(Input begins)
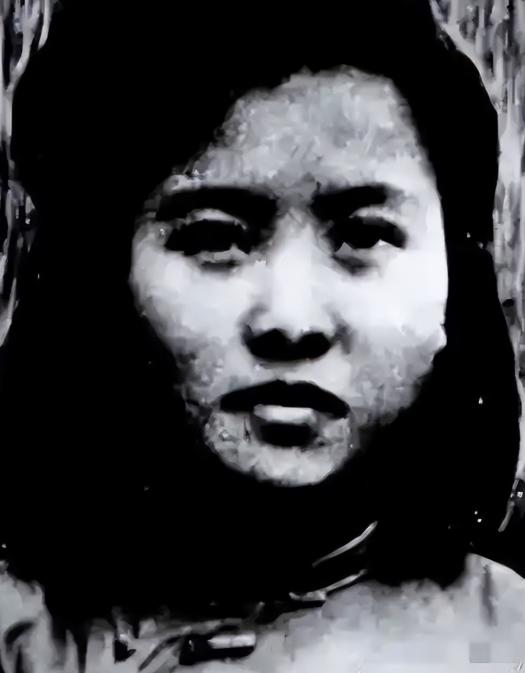 1949年，女教师朱世君被军统特务抓捕，在押送往渣滓洞的途中，押送人员李朝成认出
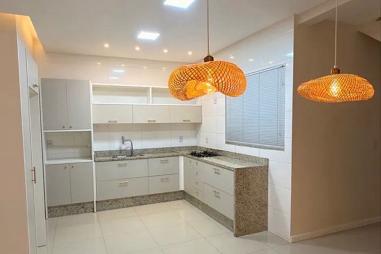Sobrado com 3 quartos à venda, 139m², 3 banheiros, 2 garagens - Dom Bosco - Itajaí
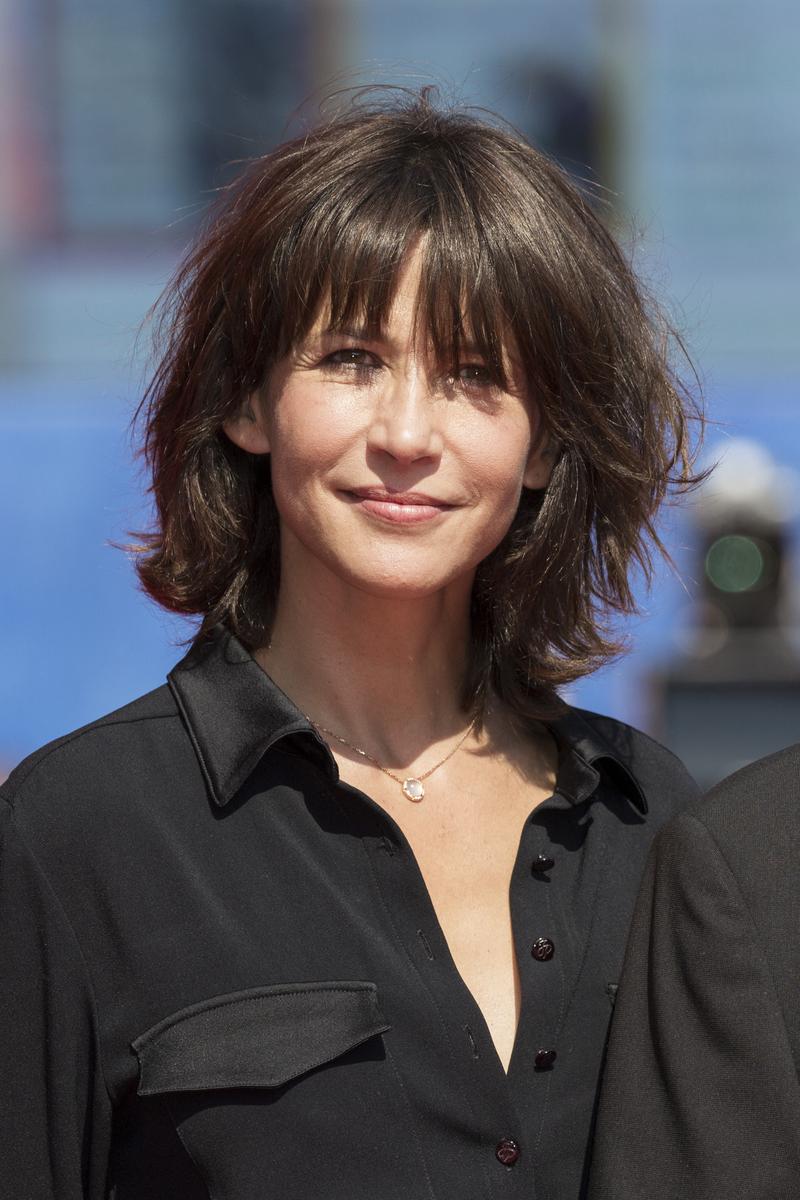 Le Carre De Sophie Marceau La Frange De Monica Bellucci Les Idees De Coupes Qui Font Gagner Quelques Annees Madame Figaro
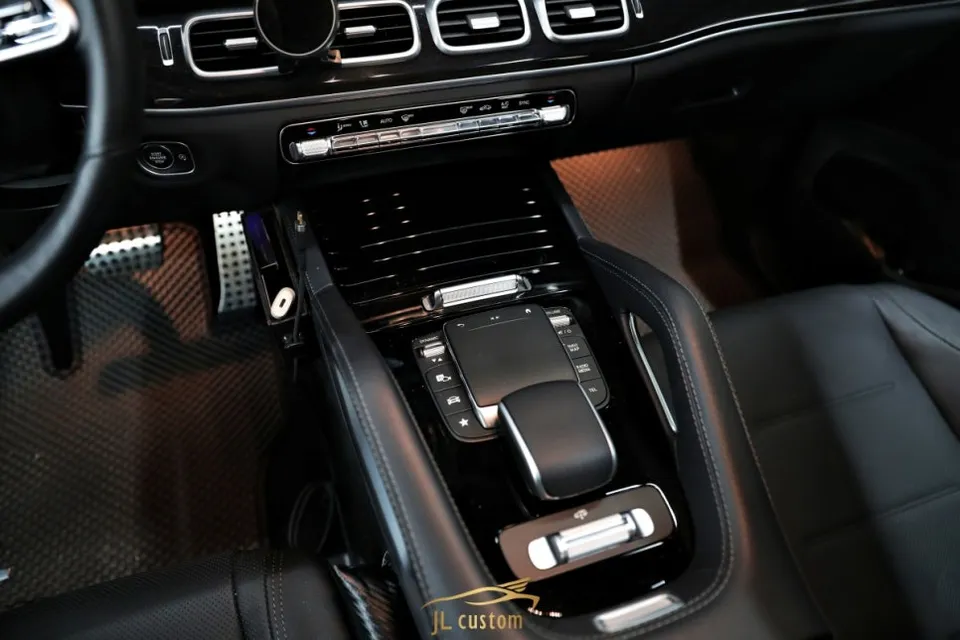 Mercedes-Benz GLE ambient lighting - Mercedes-Benz GLE Ambient Lighting Review: Cost & Results photo 3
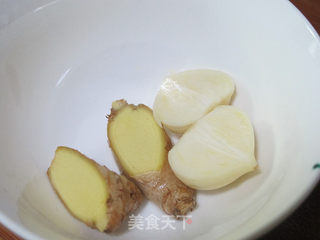 肉荤:板栗烧鸡翅的做法步骤:3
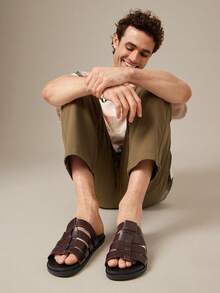 SHUZIA 男士多带渔夫鞋垫高级人造革咖啡色拖鞋——从游艇甲板到城市街区，每一步都充满自信。 - 咖啡棕 - 查看 4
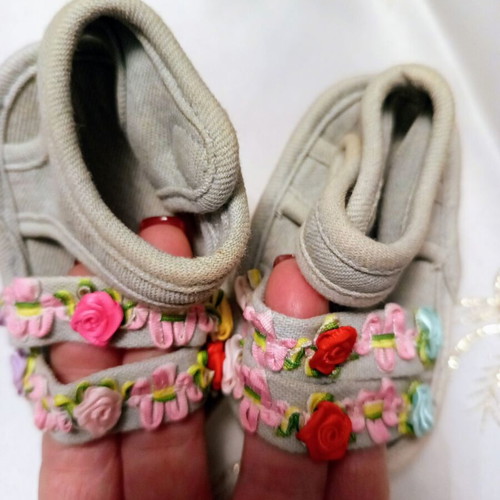 Baby summer set for girls 1-6 months used, Minnie Mouse cap and sandals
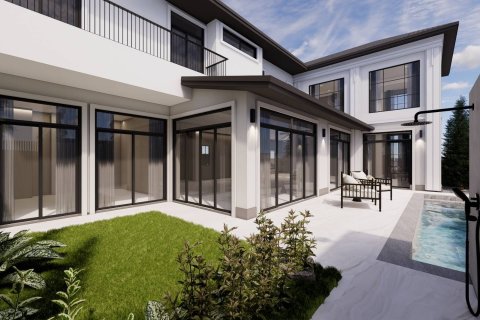 Villa in Chiang Mai, Thailand 5 bedrooms № 168906 - photo 7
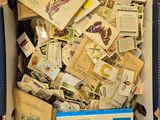 une boîte en carton remplie de livres et de papiers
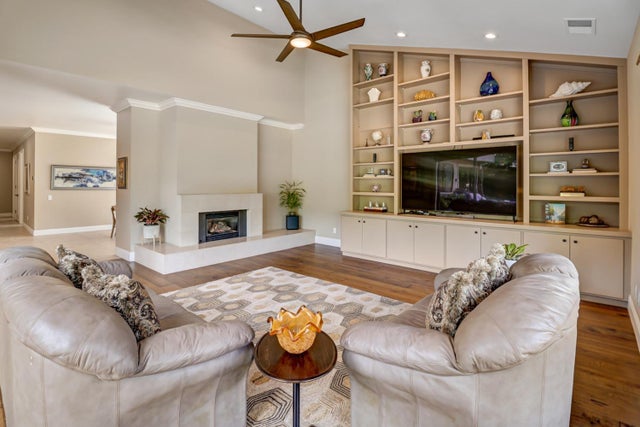 11464 Huntington Village Lane, Gold River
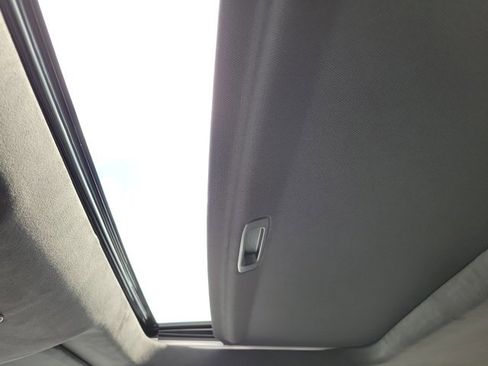 Used 2025 GMC Sierra 1500 AT4X image 30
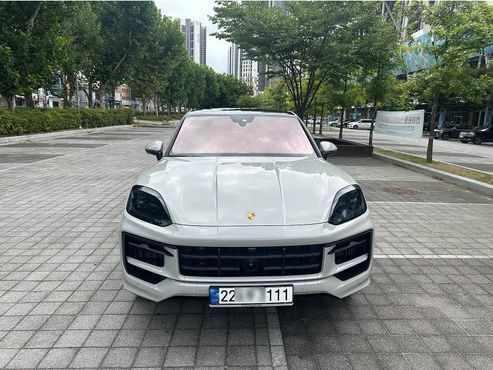 Porsche Cayenne 3.0 S E-Hybrid Coupe — пробег 26 000 км — фото 1 из 5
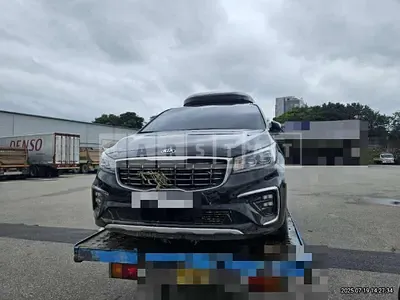 Photo 1 of 27: 2019 Kia Carnival Limousine — Korean insurance auction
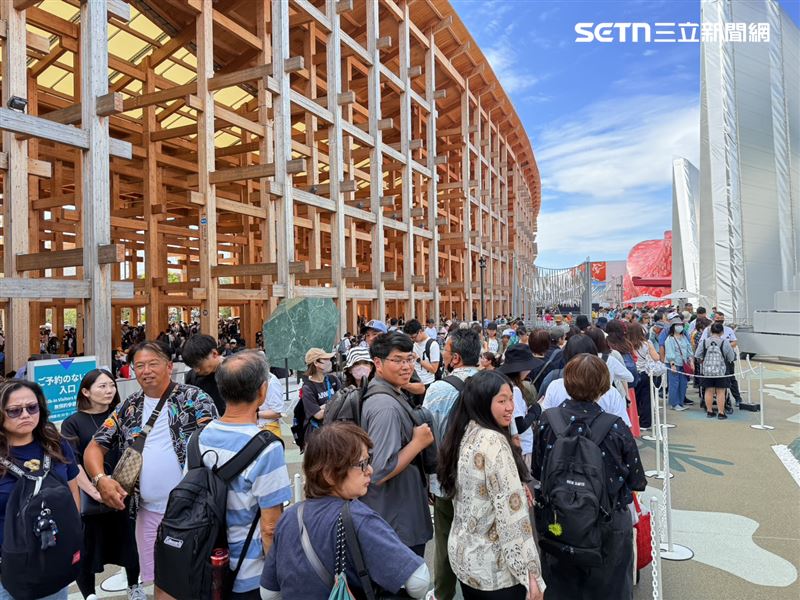 台灣館「TECH WORLD館」人氣直衝前五名，成為許多遊客必排清單。（圖／記者李育道攝影）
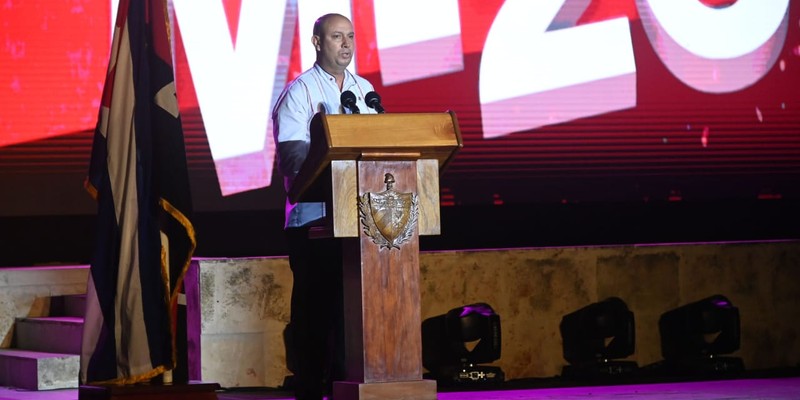 La Revolución cubana sigue de pie, combatiendo, con la frente en alto y la dignidad intacta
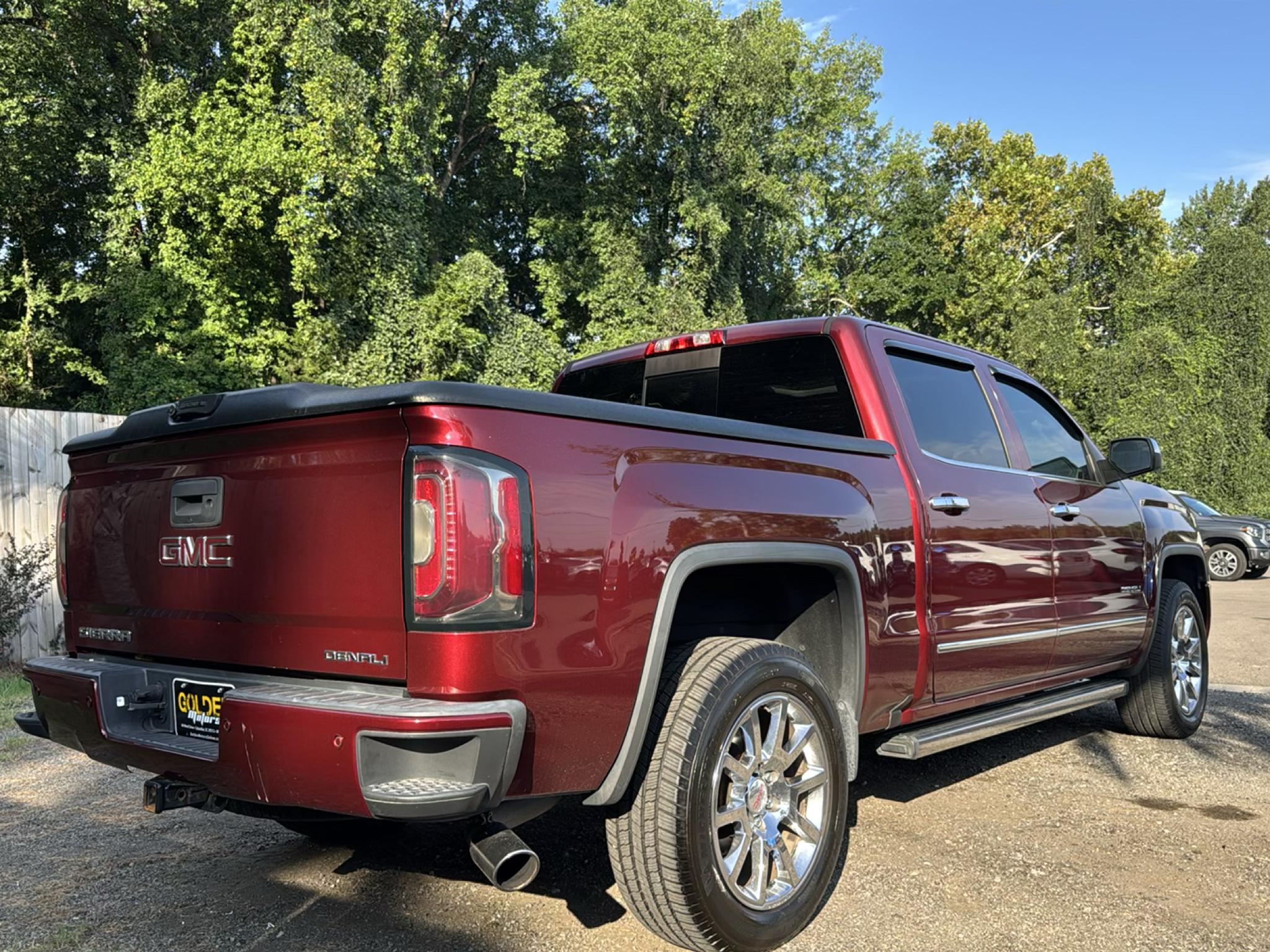 GMC Sierra 1500 4WD Crew Cab 143.5" Denali 2017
(Input ends)
What this task involves:
In the records above, find the line with "Le Carre De". Print exactly from there through the line with "Villa in Chiang", minus the pictures.

Solution below:
 Le Carre De Sophie Marceau La Frange De Monica Bellucci Les Idees De Coupes Qui Font Gagner Quelques Annees Madame Figaro
 Mercedes-Benz GLE ambient lighting - Mercedes-Benz GLE Ambient Lighting Review: Cost & Results photo 3
 肉荤:板栗烧鸡翅的做法步骤:3
 SHUZIA 男士多带渔夫鞋垫高级人造革咖啡色拖鞋——从游艇甲板到城市街区，每一步都充满自信。 - 咖啡棕 - 查看 4
 Baby summer set for girls 1-6 months used, Minnie Mouse cap and sandals
 Villa in Chiang Mai, Thailand 5 bedrooms № 168906 - photo 7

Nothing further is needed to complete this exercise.